Um ano após a queda de um 737 MAX da Ethiopian Airlines, que matou 157 pessoas e desencadeou a pior crise da história da Boeing, o gigante da aviação está numa encruzilhada.
Sputnik

Os aviões 737 MAX continuam em terra por todo o mundo e a empresa tarda em resolver os problemas técnicos que motivaram as duas catástrofes aéreas em que pereceram 346 pessoas.

Lucro ou segurança?

Segundo analistas e antigos funcionários, a montadora sediada em Chicago precisa de uma reforma estrutural profunda para impedir que tais desastres voltem a acontecer, mas ainda não deu os passos necessários.

"Eles têm que decidir que tipo de empresa querem ser", disse Stan Sorscher, um engenheiro aposentado e líder sindical, citado pelo jornal Bangkok Post.

Segundo o engenheiro, a escolha terá de ser entre uma procura desenfreada de lucros ou procedimentos internos de segurança rigorosos.

O analista Scott Hamilton do portal Leehamnews, citado pelo Bangkok Post, está no pelo mesmo diapasão, alertando para o fato de "a cultura de priorizar o interesse do acionista e a redução de custos começa no conselho de administração".

Obsessão pelos lucros

A obsessão da empresa pela redução de custos teria começado com a aquisição da rival McDonnell Douglas em 1996.

"O programa 787 foi horrível. Foi o nosso primeiro modelo na nova cultura [de contenção de custos]", afirmou um engenheiro sob condição de anonimato, relatando igualmente que eram sempre pressionados pelos seus supervisores para cortar nos custos e poupar.

Esta cultura de poupança foi impulsionada por Jim McNerney, um antigo executivo da General Electric que foi nomeado diretor executivo em 2005, reforçando essa política durante os seus 10 anos de reinado.

Lucro ou segurança?
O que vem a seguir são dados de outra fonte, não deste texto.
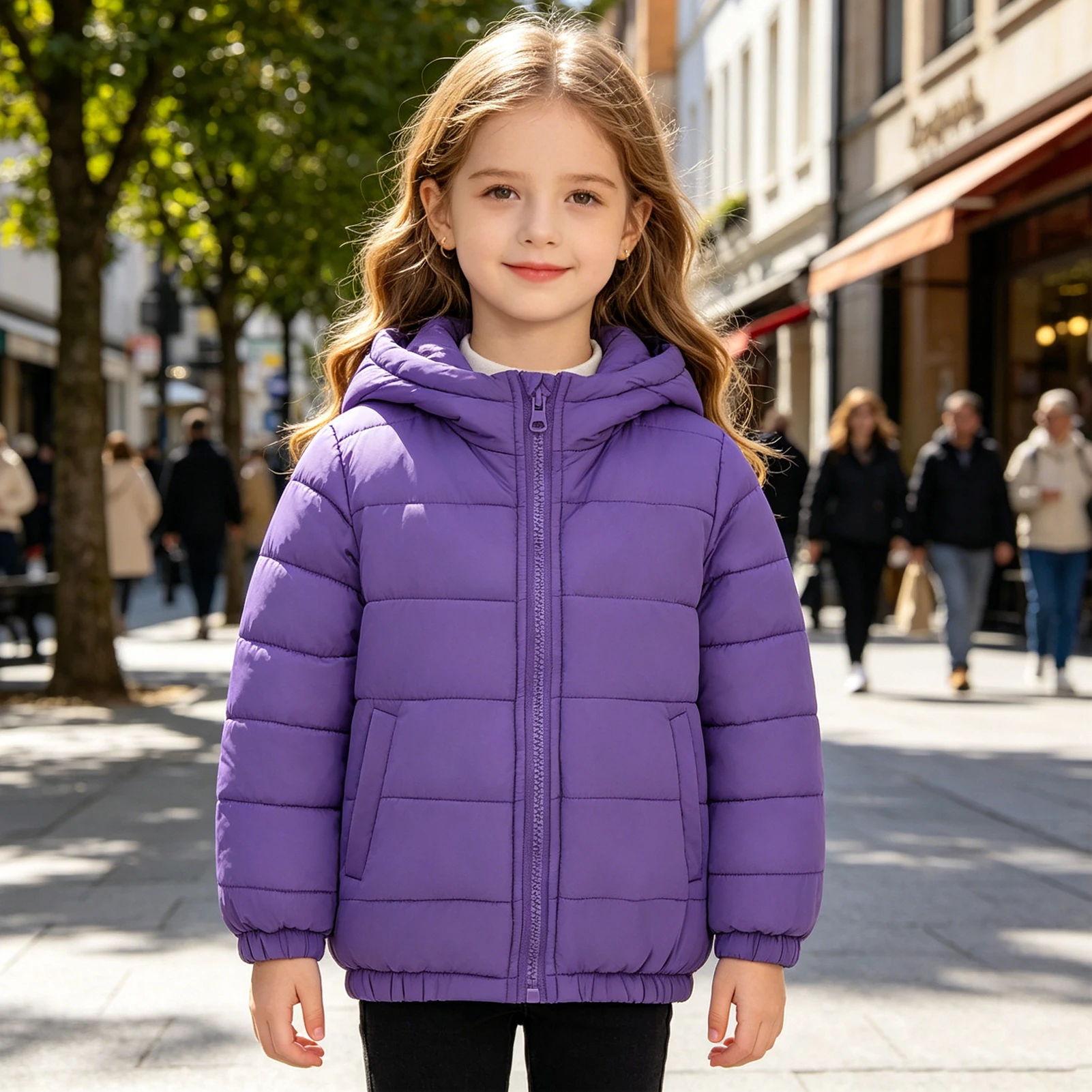 Children's Down Jacket with Hood,Windproof Boys Warm Parka,Girls Padded Coat,Solid Color Outwear,Lightweight Kids Quilted Jacket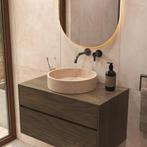 Salenzi Travertin Light Waskom 40x40x10cm Opbouwmodel, Ophalen of Verzenden, Nieuw, Overige typen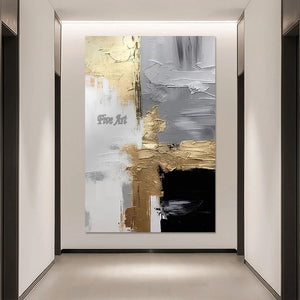 Thick Acrylic Gold Foil Abstract Canvas Oil Painting Modern Decorative Art Living Room Pictures Home Decor Wallpaper Designs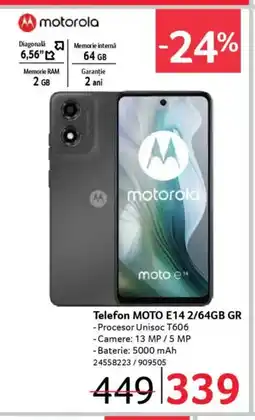 Selgros Telefon MOTO E14 2/64GB GR Ofertă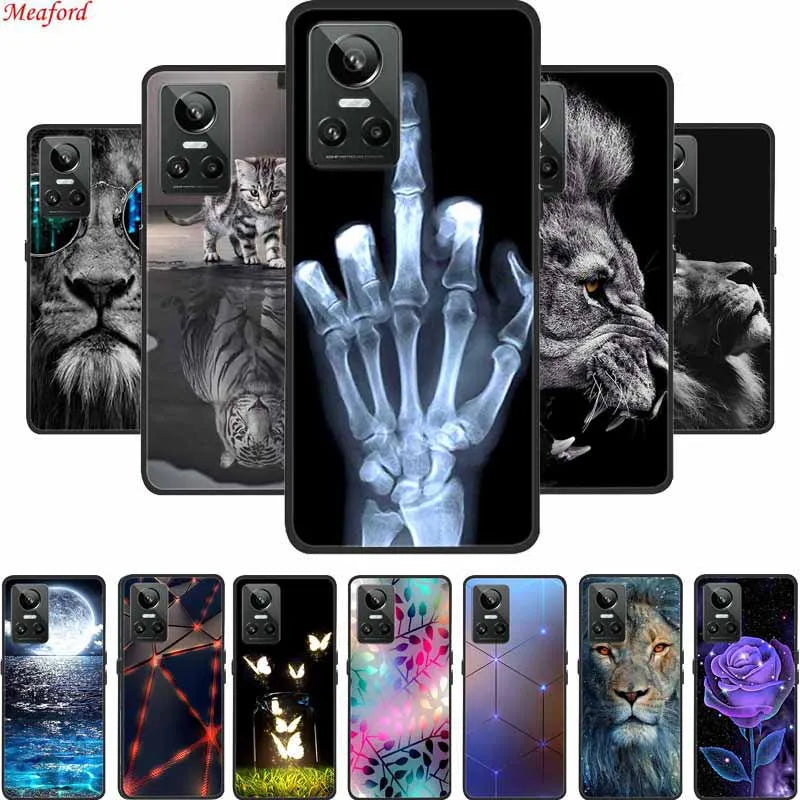 Cartoon &amp; Floral Soft Silicone Case for Realme GT Neo 3 – Shockproof Black Cover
Boeing deve escolher se quiser evitar novas catástrofes, dizem engenheiros

Em dezembro de 2019, a Boeing demitiu o diretor-executivo, Dennis Muilenburg, e o conselheiro-geral, Michael Luttig, escolhidos como bodes expiatórios do problema.
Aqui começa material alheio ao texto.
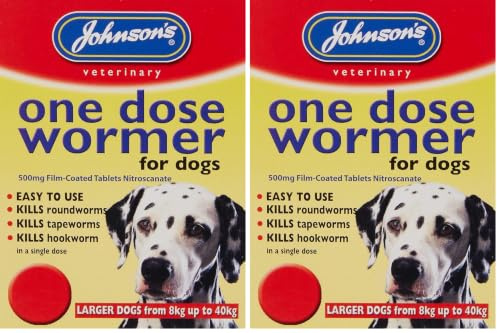 Johnson's One Dose Easy Wormer for Dogs and Puppies, 8-40 kg (Pack of 2)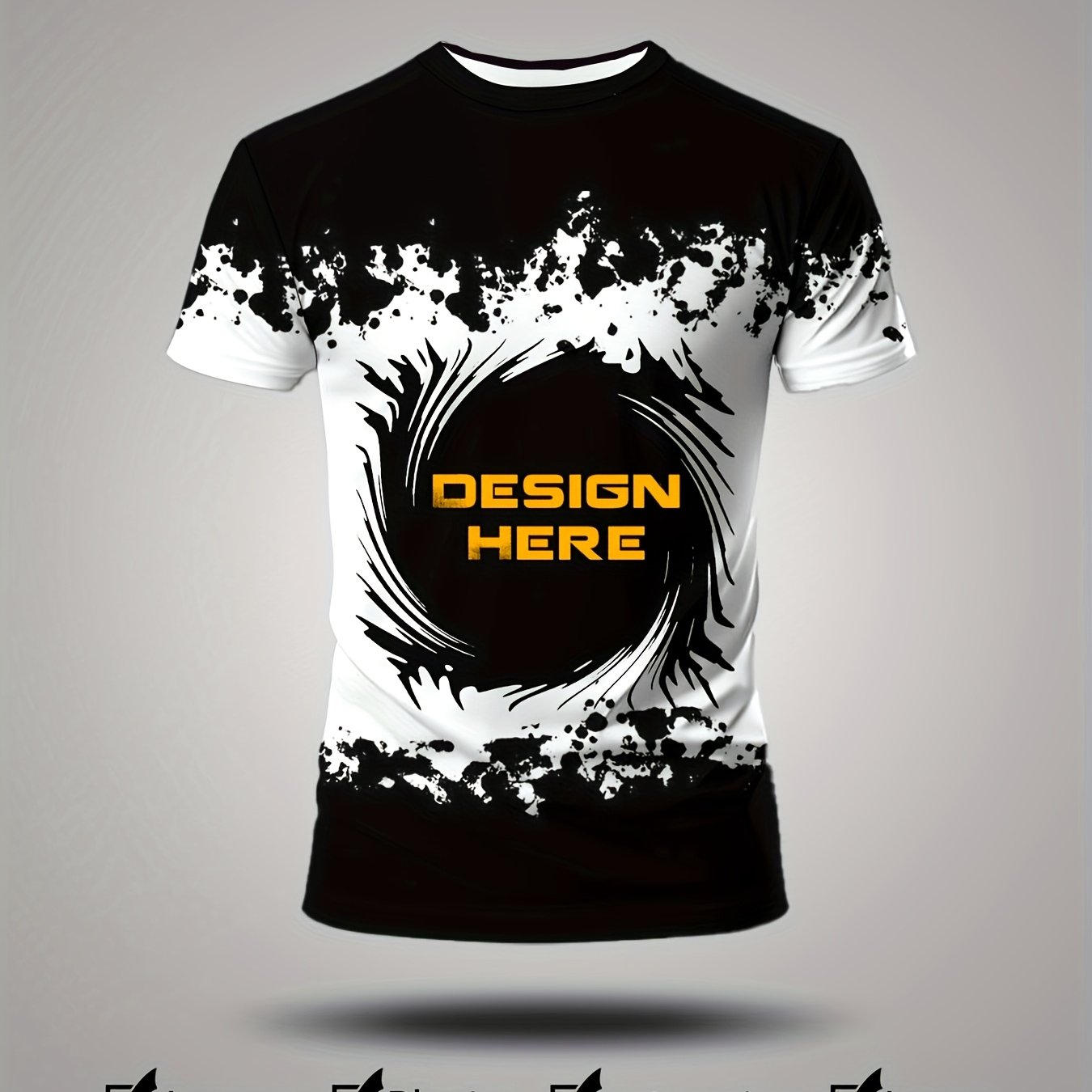 TEMU Custom Summer Men's Inkjet Printed Design T-shirt - Casual Comfortable Round Neck Short Sleeve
Boeing quererá mesmo mudar sua política?

David Calhoun, o novo patrão, se propôs apaziguar tanto as exigências dos investidores da empresa quanto as preocupações de seus engenheiros.

Para acalmar os mercados, ele compensou os acionistas com um dividendo do quarto trimestre de US$ 1,2 bilhão (R$ 5,5 bilhões), apesar de a empresa ter apresentado prejuízos em 2019.
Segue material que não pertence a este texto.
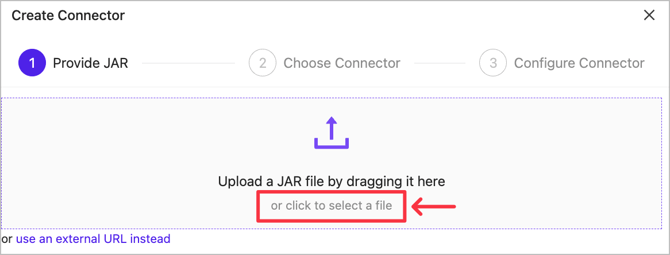 Ververica Platform UI Upload JAR to create connector
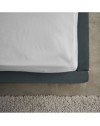 Letto matrimoniale Wilma imbottito con contenitore in tessuto Vogue colore blu pacific
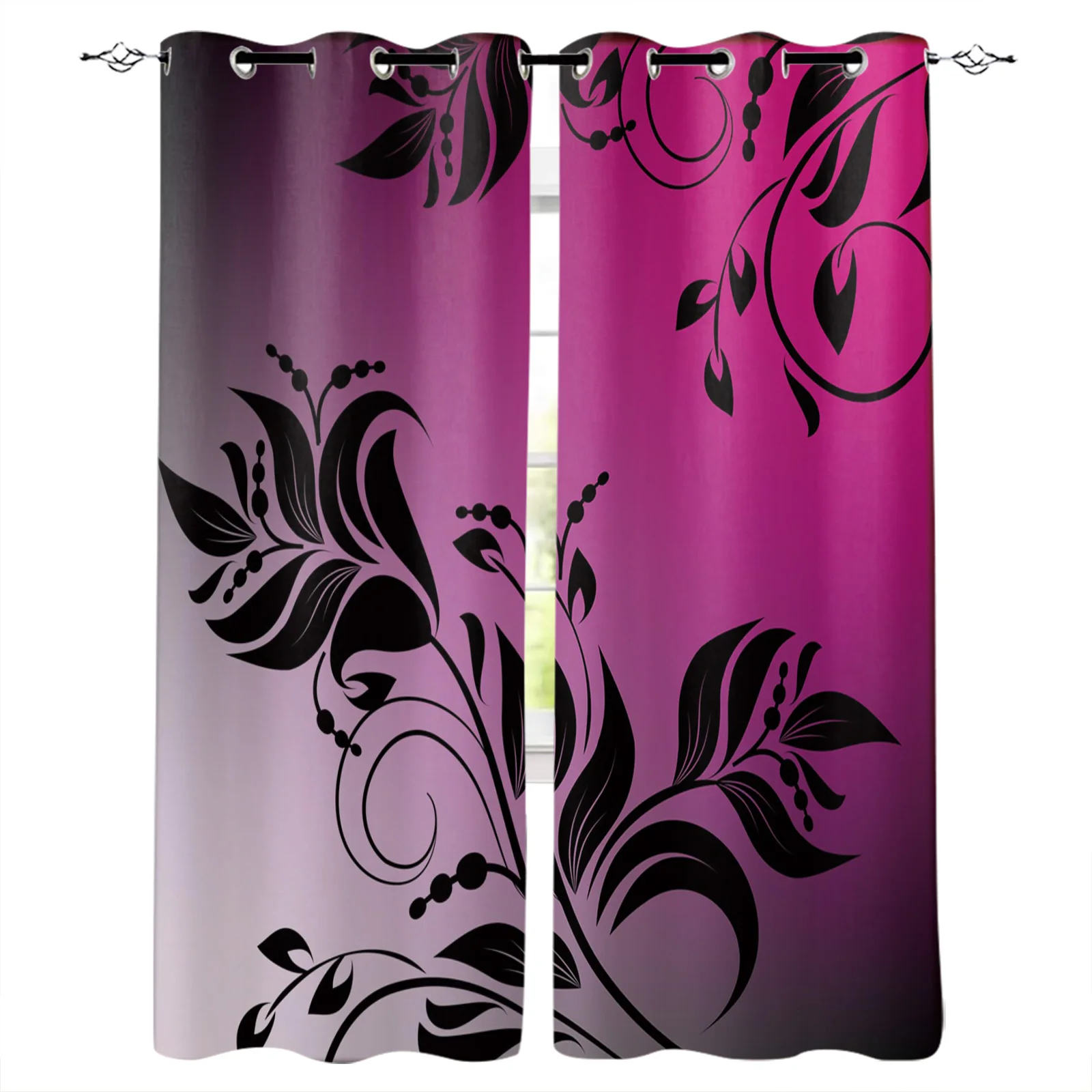 

Затемняющие шторы с фиолетовыми растениями, занавески для спальни, кухни, домашний декор, для гостиной
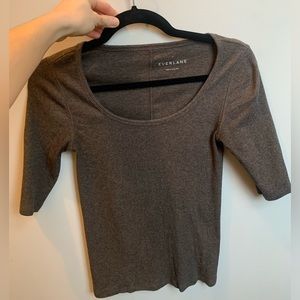 The Pima Micro-Rib Scoop-Neck Tee in Heathered Fatigue (S)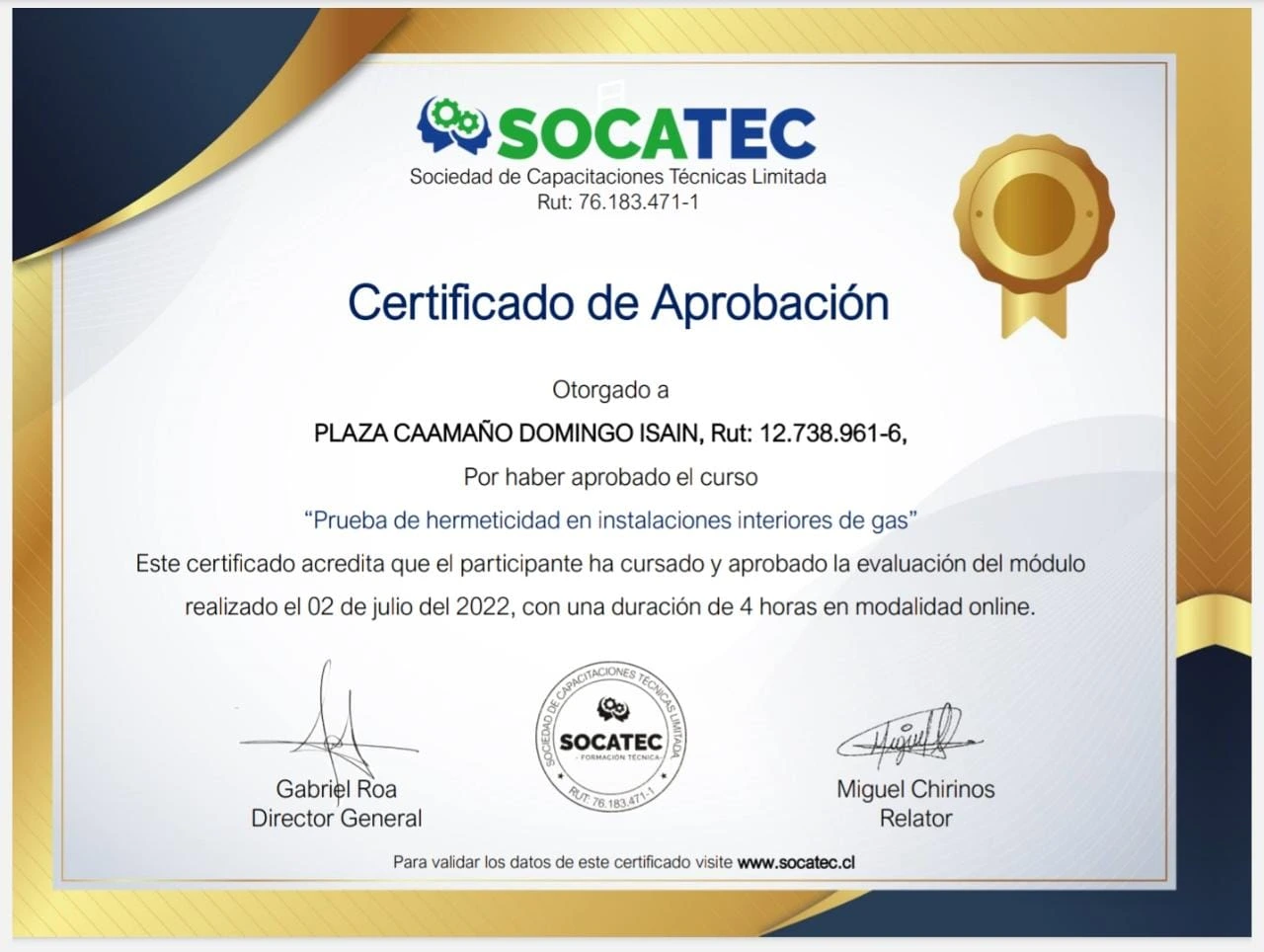 Certificado Hermeticidad Domingo Isain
Os funcionários e analistas questionam se Calhoun teria sido a melhor escolha, pois faz parte da administração da empresa desde 2009 e foi um dos rostos da política de contenção de custos que teria levado às insuficiências técnicas do MAX e consequentes acidentes fatais.

"Todos no conselho de administração são do tempo dessa tradição financeira de corte de custos. Eu não espero que David Calhoun mude", afirmou Sorscher.

"E os membros da administração não estão necessariamente lá por causa de seus conhecimentos técnicos", afirmou Richard Aboulafia, um especialista do Teal Group citado pelo Bangkok Post, aludindo à presença da ex-embaixadora dos EUA nas Nações Unidas, Nikki Haley, e ao fato de apenas haver um engenheiro entre os 13 membros atuais da diretoria.

Lucro ou segurança? Boeing deve escolher se quiser evitar novas catástrofes, dizem engenheiros

Após o acidente na Etiópia e outro em outubro de 2018 na Indonésia, que matou 189 pessoas, a Boeing prometeu rever os seus procedimentos internos de segurança e criar uma comissão para investigar as alegadas pressões sobre funcionários.

Mas tal não livrou a empresa de estar sob a alçada do Departamento de Justiça que investiga se a Boeing encorajou os funcionários a esconder problemas encontrados durante o desenvolvimento do 737 MAX, depois de terem sido divulgadas comunicações internas que apontavam nesse sentido.